Tomorrow, Art21 is dropping a new documentary on Anne Imhof’s DOOM, the performance art piece that New Yorkers either loved or hated. Negative reviewers called it boring for its three-hour runtime, and shallow because all the performers were beautiful. I myself wrote an 800-word review for [magazine redacted] on how much I enjoyed it, and unfortunately they killed the because I took too long to write it. (After one round of edits, I submitted my final draft two weeks after watching it. I’m slow, what can I say. )
Anyway, I actually fucking loved it, and believe it or not, I still think of it often. The experience filled my brain with new questions about the nature of performance art versus entertainment; the origins of art in ritual; participation versus viewership; etc, all of which I find myself asking whenever I encounter art of all kinds. Basically I came to the conclusion that there are no set rules for criticism when it comes to performance art, so I made some myself.
You can read the full piece here. For the more brain rotted among us, I pre-chewed the main ideas to feed you like a little baby bird:
Art is explicitly different from entertainment; the expectation for performance art to entertain us forgets its history of deliberate transgression, often being illegible, uncomfortable and/or boring. Recall Vito Acconci’s masturbating under the floorboards, for example, or Marina Abramovic sitting in a chair. Imhof’s playbill also references Bruce Nauman’s 1968 Slow Angle Walk, hour-long footage of the artist pacing in his studio, the most literal expression of boredom there is.
I increasingly do not care what work is “about.” In Susan Sontag’s Against Interpretation, she extolls criticism that “dissolves considerations of content into those of form.” From the beginning of history, content has simply been a question of which allegorical figure or existential question the artist has adopted from a list that will repeat for all eternity. How many sculptures of Saint Sebastian have you seen? How many times has the Egyptian god Osiris been depicted before Matthew Barney’s River of Fundament? Ultimately content simply boils down to the aesthetic or narrative foundation that fills out the work, now matter how many times we’ve seen them before.

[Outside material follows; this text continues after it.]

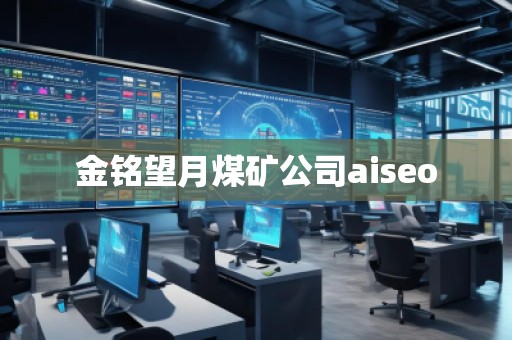 金铭望月煤矿公司aiseo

The question of form is essentially execution. What I care about is what the artist did. Anne Carson once asked of poetry: “Given whatever material we’re going to talk about [...] how can we move within it in a way we’ve never moved before?” Similarly I ask how did the artist take ownership of this otherwise familiar subject—how much did she fuck it up? DOOM reads to me as a deep investigation of the defining features of disparate performance forms, a body of research Imhof deconstructed and stitched back together into her own genre of theater.
Audience expectation and behavior is a huge part of how we experience and evaluate performance’s many forms and genres: in a playhouse you sit facing forward and applaud when it’s over; at a sporting event you cheer and stand throughout; a gallery is where you go to not react at all, offering at best a silent, appreciative nod. Often audiences hate when this order is disrupted, which was a huge part of DOOM. Despite offering total free rein, its lack of clear-cut behavioral cues left the audience feeling notable awkward and confused. “Why the fuck is no one dancing?” one viewer asked during one of the live concerts. Well, they were probably paralyzed by the embarrassing uncertainty of what the fuck to do with themselves.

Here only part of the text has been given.